La película, narrada desde la mirada (curiosa, fascinada, perpleja) de un chaval de trece años que empieza a perder la inocencia respecto al mundo que le rodea, comparte con Io e te, de Bertolucci, parte de esa lucidez a la hora de hablar de las complejidades de esa fundamental etapa vital y de cómo los desencantos de la vida adulta (sus secretos, su hipocresía) se filtran y enturbian nuestra visión de la realidad. Incluso la relación que establece con la inconformista, enigmática, Sara Amat del título, recuerda un poco a la que establecían los personajes de la película del italiano, tanto en la forzada reclusión en la que están obligados a conocerse íntimamente, como en la tensión entre inocencia (él) y experiencia (ella) que se da entre ambos. En este caso, esa tensión se nutre del tono poético, delicado, que Jou imprime a la narración, bajo cuyo auspicio florece un erotismo suave y candoroso, construido en torno a gestos y miradas en los que bulle un deseo aún teñido de la ingenuidad que otorga tan corta edad.

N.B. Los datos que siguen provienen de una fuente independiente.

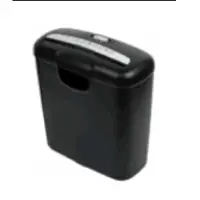 10L Strip Cut Paper Shredder Machine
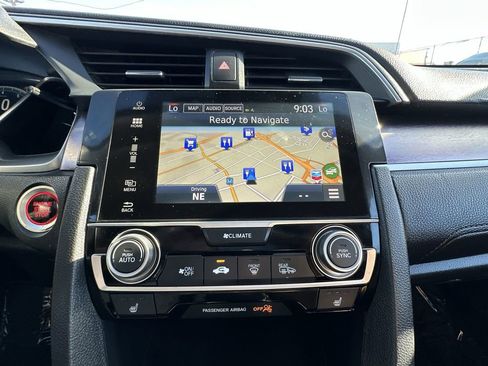 Used 2016 Honda Civic Touring image 26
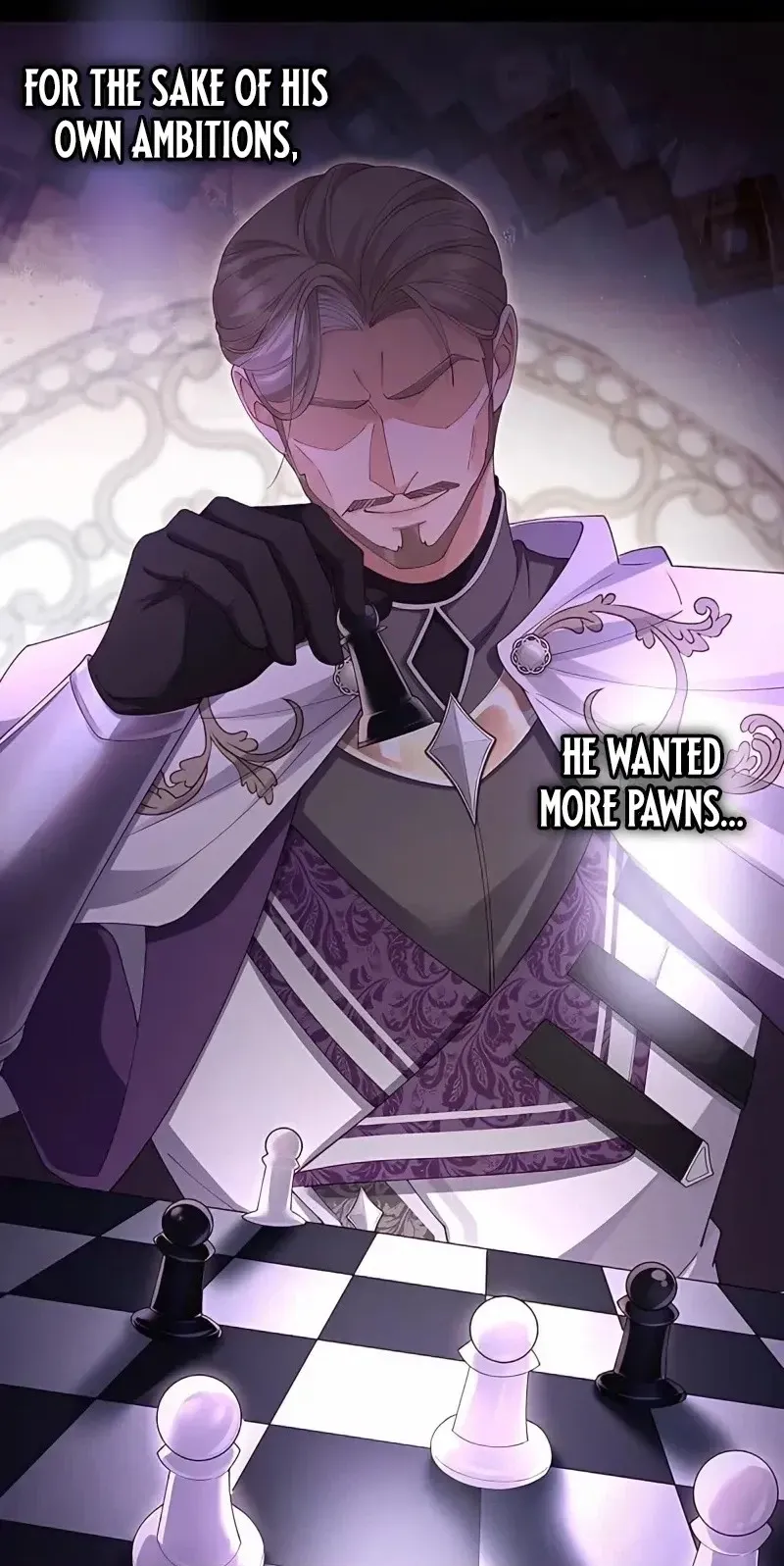 The Unfortunate Bride Is Abducted by the Charming Dragon King Chapter 72 page 30
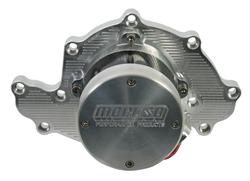 [MOR-63585] Moroso 63585: Billet Electric Water Pump Ford 289, 302, 351W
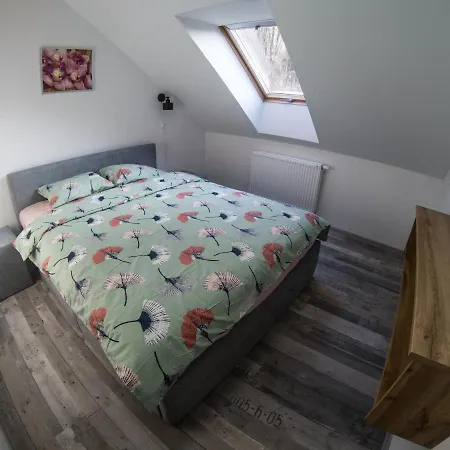 Relaks Lądek-Zdrój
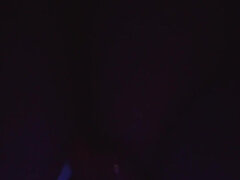 18 éves, Afrikai, Hatalmas hátsó, Tekintélyes didik, Fehérnemű, Gyengéd kefélés, Egyedül, Tini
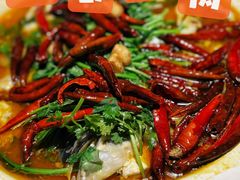 -清水亭湖北菜(大屯DT51店)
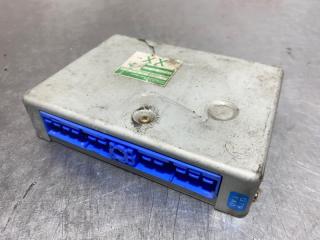 Блок управления ДВС Nissan Cube 2001 контрактная Блок управления ДВС Nissan Cube 2001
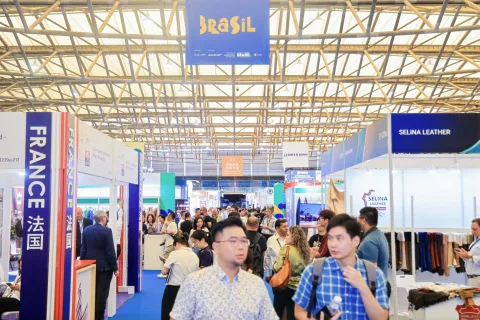 展会现场 14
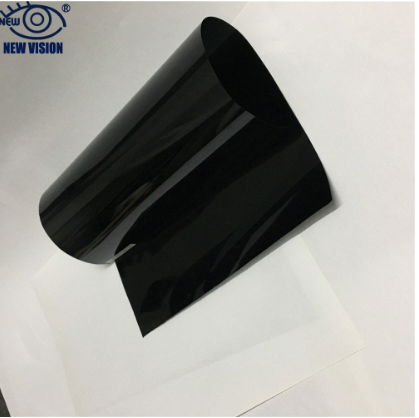 Carbon film Self-adhesive 2 ply PET CS05 VCL05% size 1.52*30m for car window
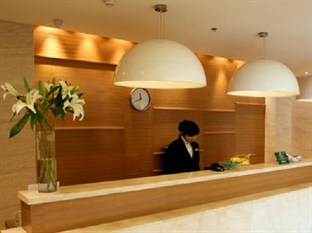 Agoda.com China Apartments & Hotels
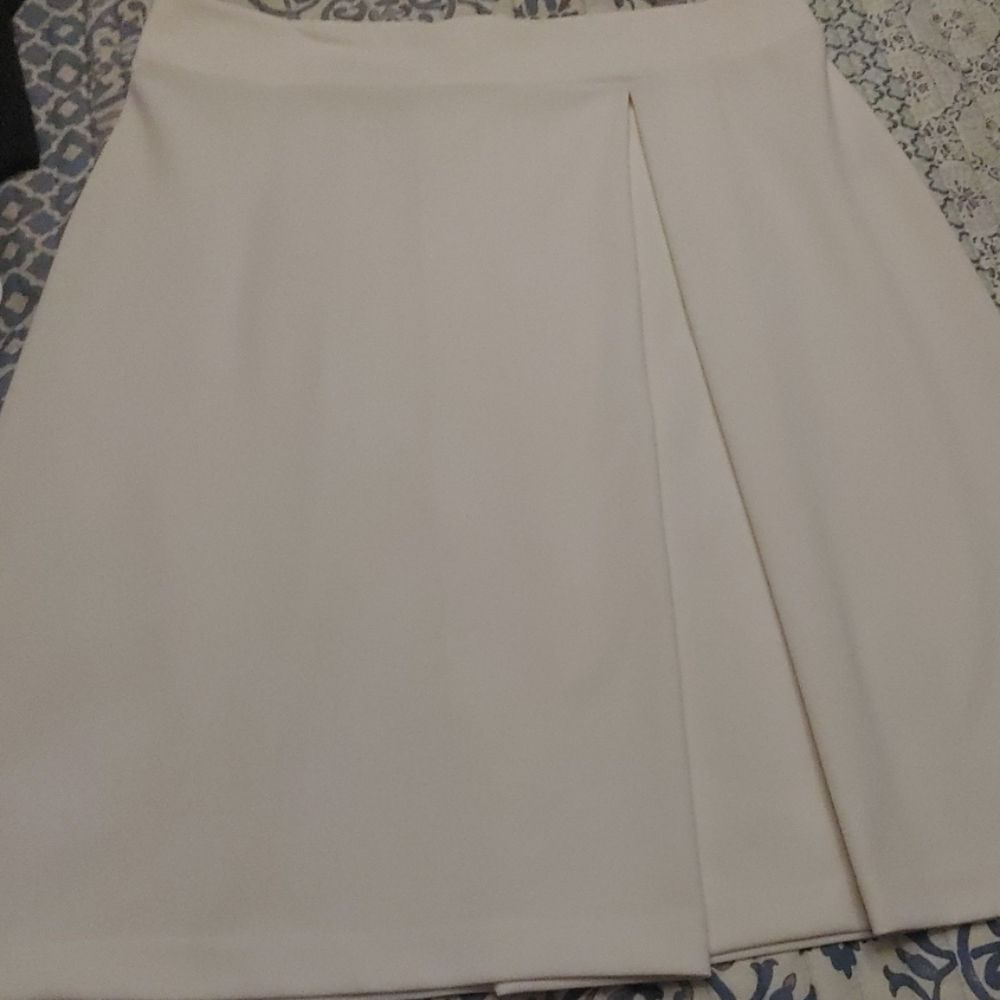 Ladies skirt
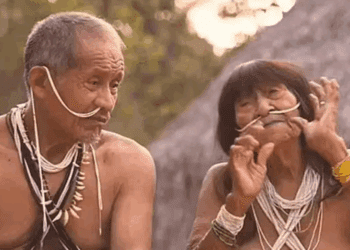 Tribu amazónica denuncia difamación por uso de internet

En este sentido, La vida sin Sara Amat funciona con bastante eficacia: a pesar de su brevedad (o gracias a ella), logra fácilmente la implicación del espectador debido a su cercanía, su discurrir fluido, su sencillez argumental (en cuyo fondo late, no obstante, un convulso tejido emocional y sentimental) y su conseguido registro de intimidad, probablemente el elemento que mayor fascinación y atractivo ejerce de todos los que conforman la película de Jou, beneficiado de la cálida fotografía de Gris Jordana, que evoca la nostalgia de aquellos veranos irrecuperables de nuestra infancia. En su contra, no puede decirse que se aleje demasiado de otros muchos relatos de iniciación que pueblan la historia del cine. Lo que sí hace es sumarse al canon con un brío renovador especialmente por la frescura y espontaneidad que exuda, en la que también puede destacarse el descubrimiento del eterno femenino que deslumbra a su joven protagonista, y en el que la figura de Sara Amat (encarnación del desencanto respecto a un universo adulto triste contra el que sólo cabe la rebelión y la huida) se convierte en el foco más magnético de toda la función.
Si quitamos algún desliz ocasional (la cita culta de Tolstoi, algo impostada) y asumimos que no vamos a ver la historia más original del mundo, podemos extraer no pocos placeres de la contemplación de esta pequeña película, especialmente si aún somos capaces de reconocernos en esos relatos de hallazgos y vuelcos vitales que trastocan nuestra visión de la existencia y nos dejan marcados, para bien o para mal, y más curtidos y preparados para los sinsabores que vendrán en el futuro. La vida sin Sara Amat se inscribe en esta línea y lo hace con una seguridad y delicadeza que merecen nuestro reconocimiento.